On Tue, Mar 24, 2015 at 10:45 AM, Chinmay Soman <chinmay.cerebro@gmail.com>
wrote:

> Hey Ash,
>
> Yeah I think more examples would be great ! Feel free to open a RB.
>
> About the config: It might be a bit of an overhead in general and requires
> some getting used to. I realize that after I've started writing Samza jobs
> myself. I'm kinda new to Samza myself, but I always kept making some silly
> mistakes which is difficult to validate early on. Its one of those things
> which is very difficult to get right (cause everything has its pros and
> cons). Hopefully I can finish up my patch regarding exactly that problem -
> config validation.
>
> On Mon, Mar 23, 2015 at 10:04 PM, Ash W Matheson <ash.matheson@gmail.com>
> wrote:
>
> > just to clarify, adding:
> >
> > serializers.registry.string.class=org.apache.samza.
> > serializers.StringSerdeFactory
> > systems.kafka.streams.myTopic.samza.msg.serde=string
> >
> > to the property file and updating the java source to:
> > System.out.println((String)envelope.getMessage());
> >
> > Did the trick. I've updated the pastebin with the appropriate change.
> >
> > Now, through this whole process I've assumed that StreamTask is the
> > appropriate class to derive from.  Essentially, the end goal is to
> decode a
> > compressed bytestream Kafka event (from a different topic, of course) and
> > then feed it to a DB/TSDB/whatever.  I didn't think that I'd need to
> > generate a Job for this and that this stream should be able to feed
> > directly to the output entity.
> >
> > Anyway, over the next couple of days I'll migrate this into something
> that
> > can live in the hello-samza ecosystem as a separate task.
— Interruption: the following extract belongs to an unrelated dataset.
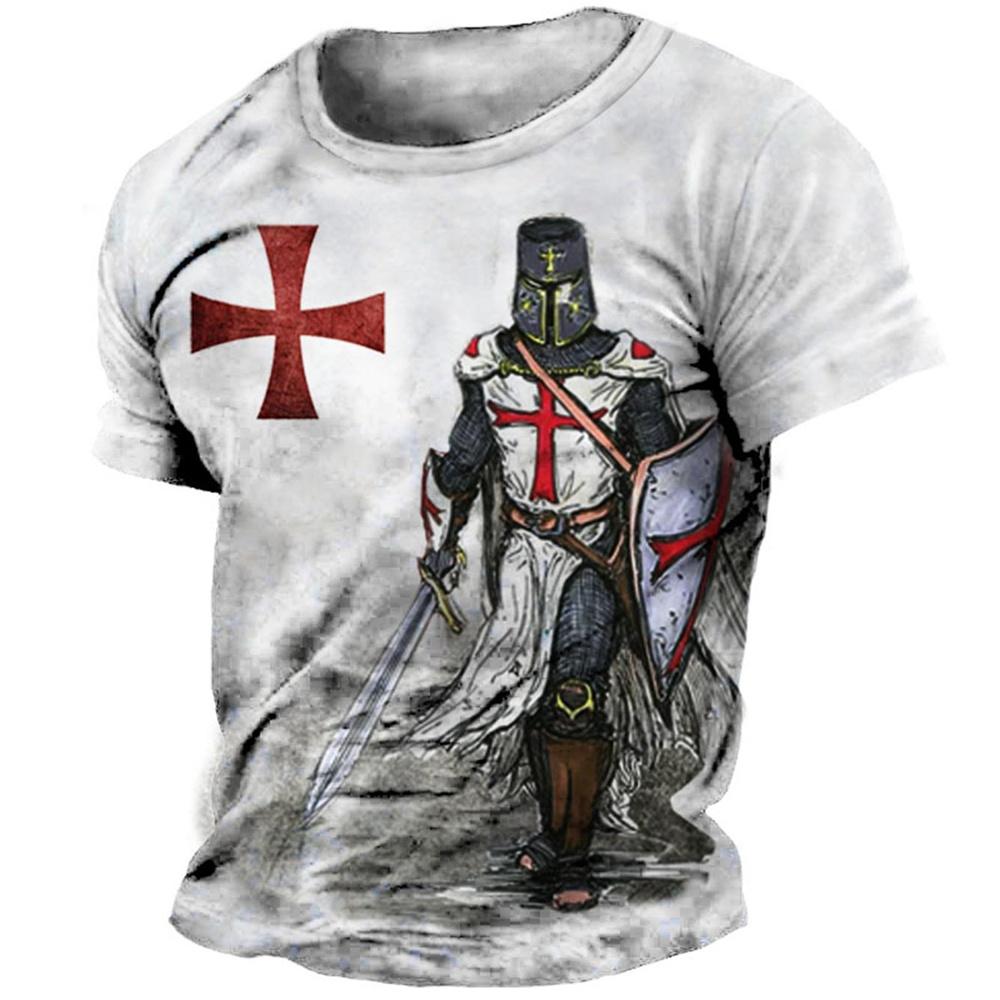 ETST WENDY Retro Tempeliers Print Heren T-shirts Zomer Losse Polyester Korte Mouw Mannelijke Tops Crusader Soldaat Kleding Kleding 3XL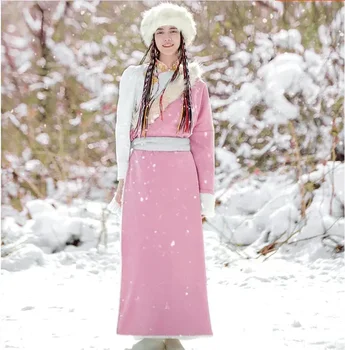 Китайска тибетска рокля и рокля в зимно дамско етническо облекло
I've got the
> > start of a java based DataPusher built as well.
> >
> > On Mon, Mar 23, 2015 at 9:40 PM, Ash W Matheson <ash.matheson@gmail.com>
> > wrote:
> >
> > > Huzzah!  I ... have ... text showing!
> > >
> > > This has been enough of a trial that I think I'll convert this into a
> > very
> > > simple sample project for the repo, if you guys are interested.
> > >
> > > Diff coming once I have it cleaned up into something less ugly.
> > >
> > > -Ash
> > >
> > > On Mon, Mar 23, 2015 at 9:27 PM, Chinmay Soman <
> > chinmay.cerebro@gmail.com>
> > > wrote:
> > >
> > >> >I changed the systems.kafka.samza.msg.serde=json to 'string' a while
> > >> back,
> > >> but that caused a separate exception.  However that was many, MANY
> > >> attempts
> > >> ago.
> > >>
> > >> This may not work because that will set all serialization formats
> (input
> > >> and output) to json / string. In your case you're inputting string and
> > >> outputting json. So you might have to set that explicitly.
> > >>
> > >> On Mon, Mar 23, 2015 at 9:24 PM, Chinmay Soman <
> > chinmay.cerebro@gmail.com
> > >> >
> > >> wrote:
> > >>
> > >> > Since you're producing String data to 'myTopic', can you try setting
> > the
> > >> > string serialization in your config ?
> > >> >
> > >> >
> > >>
> >
> serializers.registry.string.class=org.apache.samza.serializers.StringSerdeFactory
> > >> >
> > >> > systems.kafka.streams.myTopic.samza.msg.serde=string
> > >> >
> > >> >
> > >> > On Mon, Mar 23, 2015 at 9:17 PM, Ash W Matheson <
> > ash.matheson@gmail.com
> > >> >
> > >> > wrote:
> > >> >
> > >> >> more info - new exception message:
> > >> >>
> > >> >> Exception in thread "main"
> > >> >> org.apache.samza.system.SystemConsumersException: Cannot
> deserialize
> > an
> > >> >> incoming message.
> > >> >>
> > >> >> Updated the diff in pastebin with the changes.
> > >> >>
> > >> >> On Mon, Mar 23, 2015 at 8:41 PM, Ash W Matheson <
> > >> ash.matheson@gmail.com>
> > >> >> wrote:
> > >> >>
> > >> >> > Gah!  Yeah, those were gone several revisions ago but didn't get
> > >> nuked
> > >> >> in
> > >> >> > the last iteration.
> > >> >> >
> > >> >> > OK, let me do a quick test to see if that was my problem all
> along.
> > >> >> >
> > >> >> > On Mon, Mar 23, 2015 at 8:38 PM, Navina Ramesh <
> > >> >> > nramesh@linkedin.com.invalid> wrote:
> > >> >> >
> > >> >> >> Hey Ash,
> > >> >> >> I was referring to the lines before the try block.
> > >> >> >>
> > >> >> >> Map<String, Object> jsonObject = (Map<String, Object>)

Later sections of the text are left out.